Bei Medieval II: Total War haben die Spieler jetzt noch mehr Kontrolle beim Erstellen dieser Partien. Alle Spieler können natürlich Ihre Seite wählen und Ihre Armee in Bezug auf Einheiten, Erfahrung, Waffen und Rüstungsverbesserungen maßschneidern. Bei Medieval II können die Hosts nun auch eine Epoche auswählen, in der die Schlacht stattfindet. So können sie die Arten von Truppen festlegen, die auf das Schlachtfeld geführt werden können. Die Spieler können die "frühe" Phase wählen, in der leichte Rüstungen und einfache Schwerter und Speere sowie leichte Kavallerie üblich sind. Oder sie gehen über in die "Hochphase" und setzen auf den Einsatz von Plattenrüstungen und gewaltiger schwerer Kavallerie. Schließlich gibt es noch die späte Phase, in der Schießpulvereinheiten eingeführt werden und durch die Reichweite und Stärke der verfügbaren Einheiten die Taktik in der Schlacht in die Strategie einfließen. Die Spieler können auch durch die Anpassung der für jede Armee zur Verfügung stehenden Mittel die Verfügbarkeit von Einheiten begrenzen, was besonders in Anbetracht der Balance bei Burgbelagerungen nützlich ist.

Die Option "Eigene Schlacht" wird bei Medieval II: Total War vom neuen Modus "Schlachtszenario" begleitet, bei dem sich die Spieler geradewegs ins Gefecht stürzen können - mit vorgefertigten Schlachten auf mitgelieferten Karten, die bereits ausgeglichene Armeen beinhalten. Für diese Szenarios gibt es eine breite Palette an Einstellungsmöglichkeiten, 1 gegen 1, 2 gegen 2, und sogar 3 gegen 2, mit einer Vielzahl an Seiten und Truppen, die in einer Reihe atemberaubender Schlachtfelder aufeinander treffen. "Aztekengold" beispielsweise ist ein Szenario 2 gegen 1, bei dem die Azteken ein spanisches Dorf belagern, während "Wüstenasyl" eine riesige Schlacht 3 gegen 2 ist, bei der die Ägypter darum kämpfen, Ihre Zitadelle von den französischen Kreuzrittern zurückzuerobern.

Zusätzlich bietet die neue Schlachten-Option "Schnelles Spiel" einfache Schlachten 1 gegen 1 und 2 gegen 2, wiederum mit festgelegten Seiten und Armeen. Dazu gehören Schlachten wie "Zorn des Nordens", eine Team-Schlacht für 2 gegen 2, in der die Dänen einen erbitterten Kampf gegen die Macht des Heiligen Römischen Reiches führen.

Durch den Einsatz dieser Optionen für Szenarios und schnelle Partien kann der Spieler sofort in Mehrspieler-Spiele einsteigen, während die festgelegten Armeen dabei helfen, direkt ein Gefühl für eine bestimmte Seite und ihre Truppen zu erlangen, ohne sich zuvor umfassende Kenntnisse aus der Kampagne anzueignen.

Es wurde besonders viel Wert und Aufmerksamkeit auf das Balancing dieser Schlachten gelegt, damit kein Spieler oder Team einen Vorteil in Sachen Truppenstärke und -fähigkeiten hat. So wird sichergestellt, dass den Sieg derjenige davonträgt, der mit mehr Taktik und Können aufwartet, und nicht derjenige mit besonders genauer Kenntnis einer bestimmten Einheit oder Armee.

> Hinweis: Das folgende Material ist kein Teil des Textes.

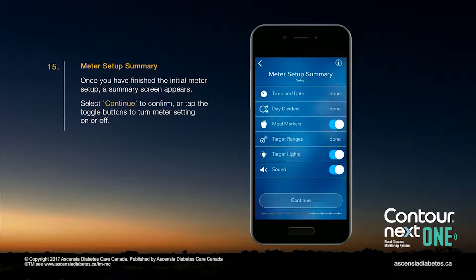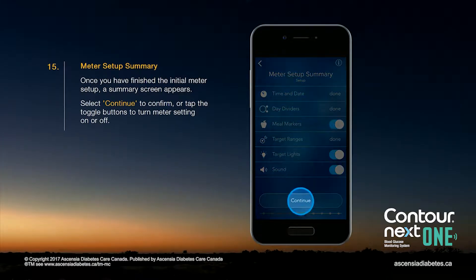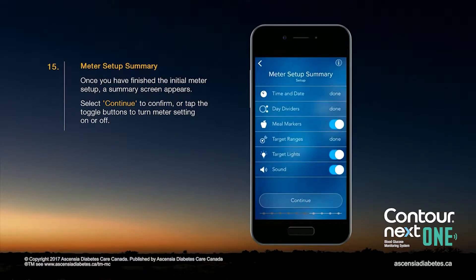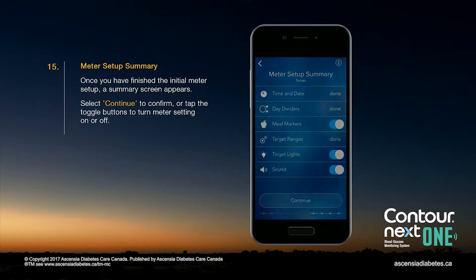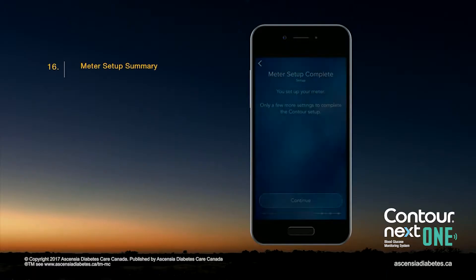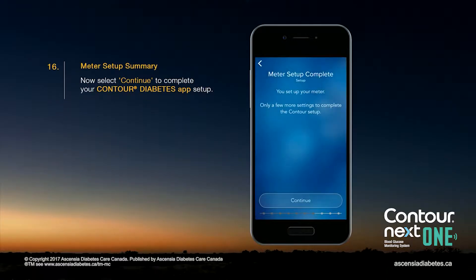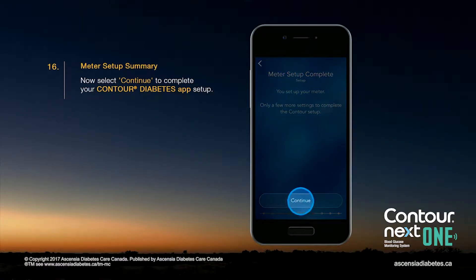Once you have finished the initial meter setup, a summary screen appears. Select Continue to confirm or tap the toggle buttons to turn meter settings on or off. Now select Continue to complete your Contour Diabetes app setup.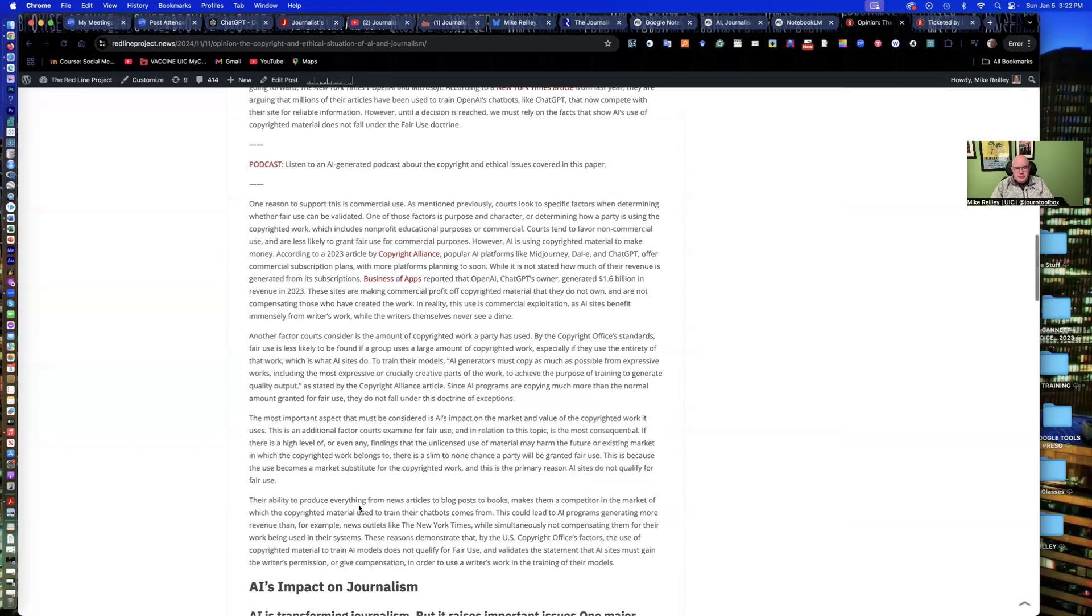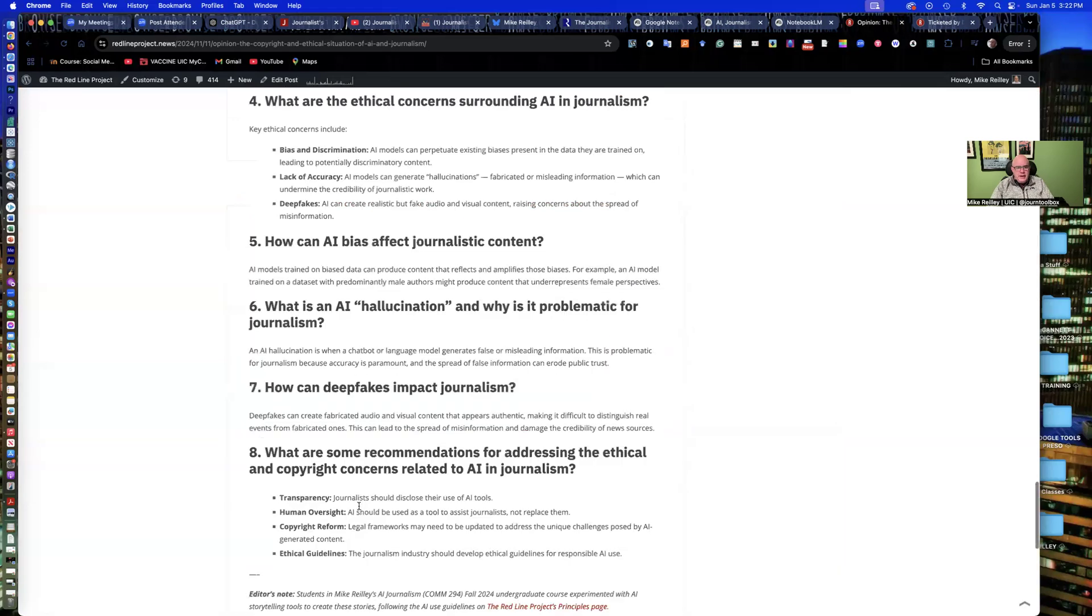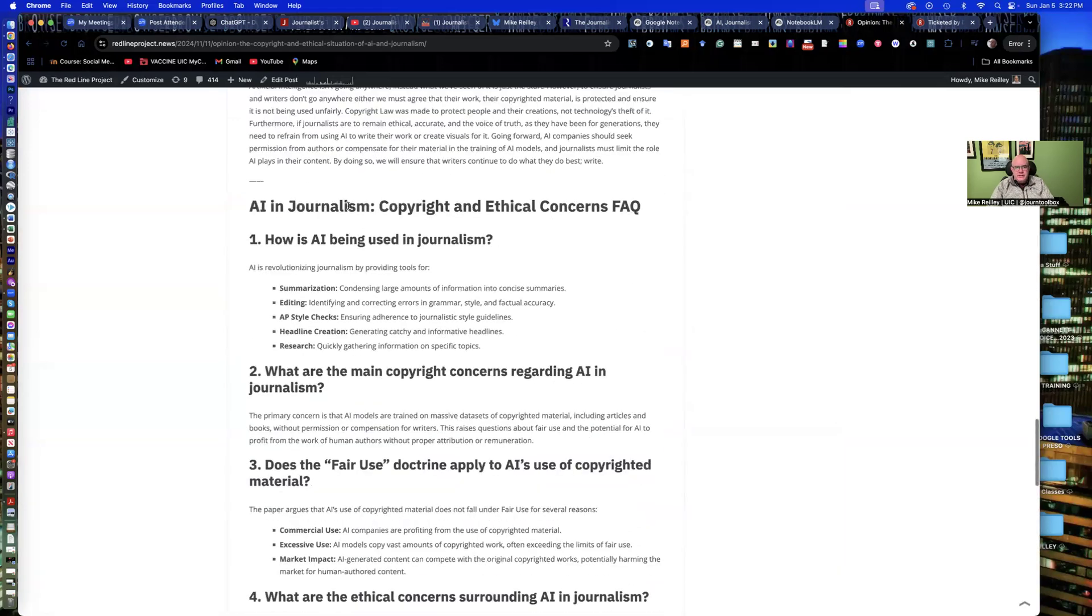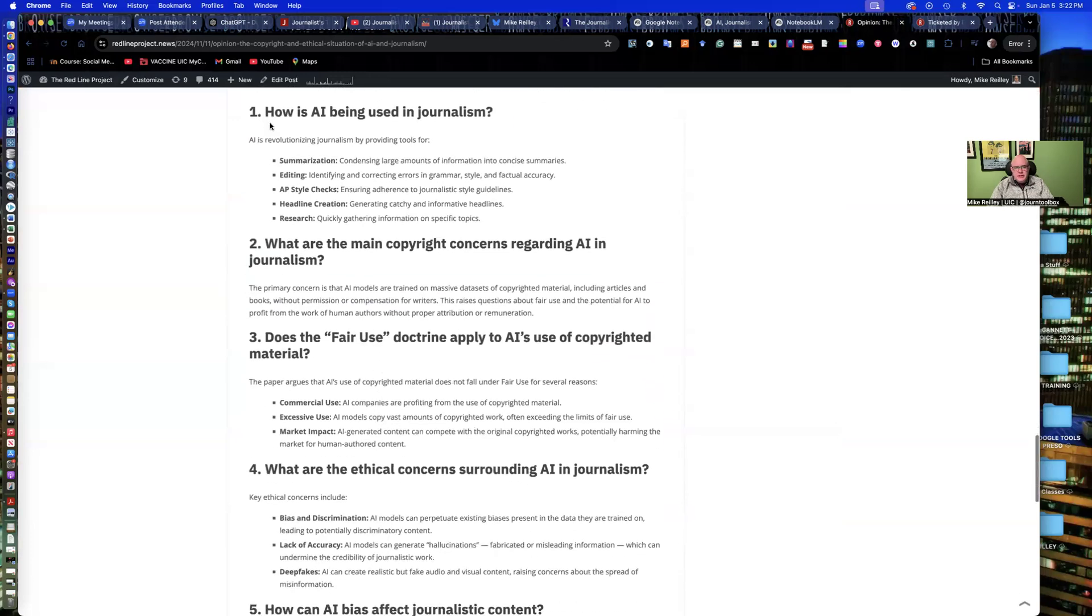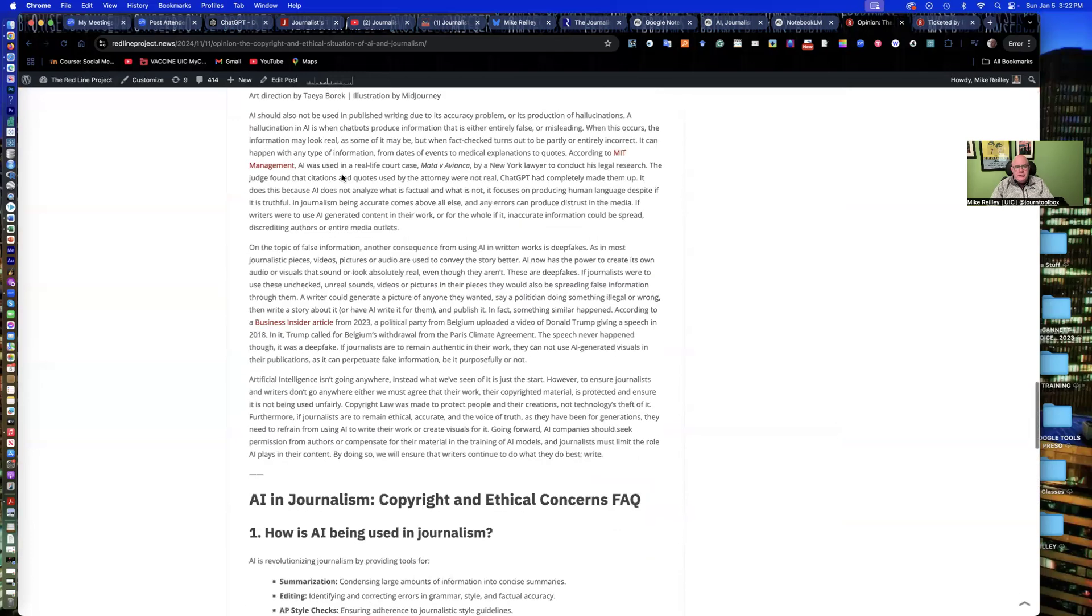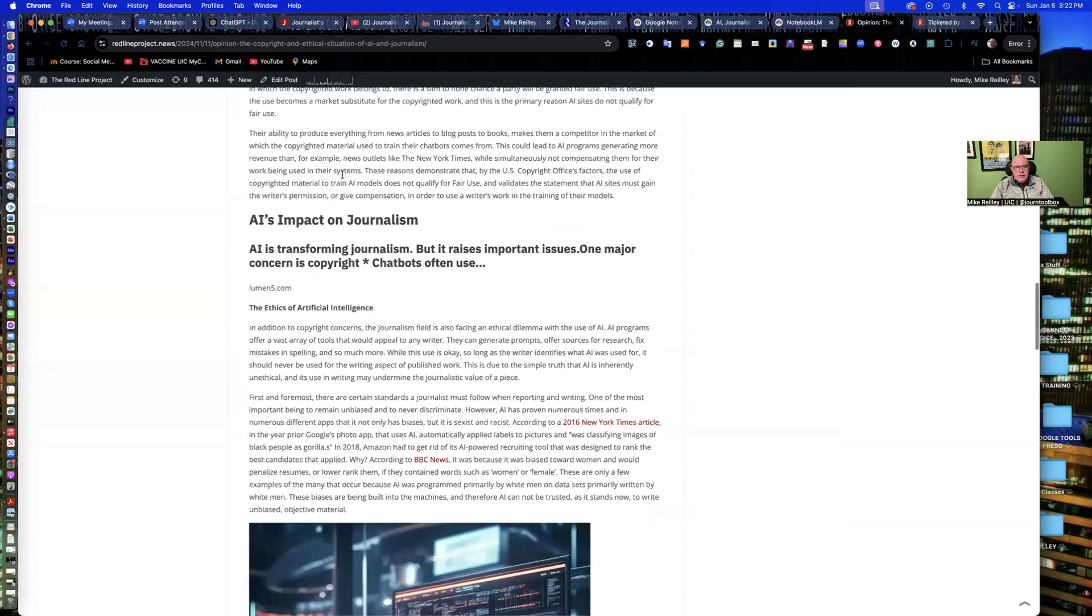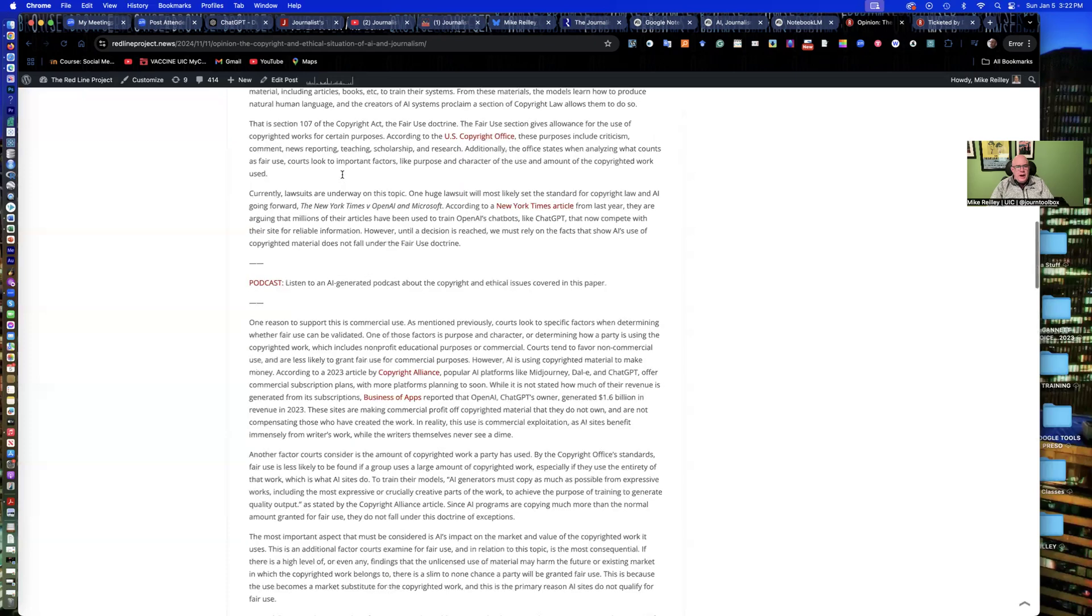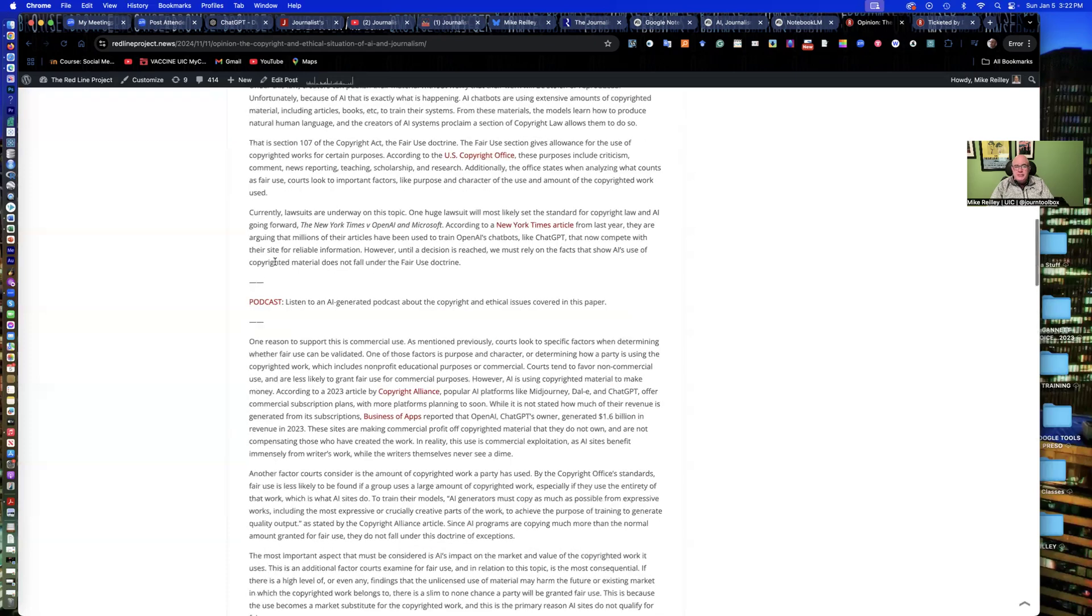The FAQ is down here at the bottom. She kind of highlighted these so you can really get the full impact of what she's talking about. And then the podcast is right here. So I'll go ahead and play a little bit of it.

Der Mehrspieler-Modus von Medieval II ist ein für alle Spieler schnell und einfach zugängliches Erlebnis, das fein ausgewogen ist. Schnelle Finger und Tastenkürzel bringen auf diesen Schlachtfeldern nicht den Sieg, die Spieler müssen an ihrer Taktik und Strategie feilen, um in der Online-Arena zu bestehen.

Durch das Internet-Matchmaking finden die Spieler immer einen würdigen Gegner. Ein nicht offiziell unterstützter Schlachteditor, der mit dem Spiel geliefert wird, ermöglicht es den Spielern, eigene Schlachtfelder oder Schlachtszenarios zu entwerfen, um beim nächsten Mehrspieler-Gefecht darauf zu spielen oder sie der Total War-Community zugänglich zu machen.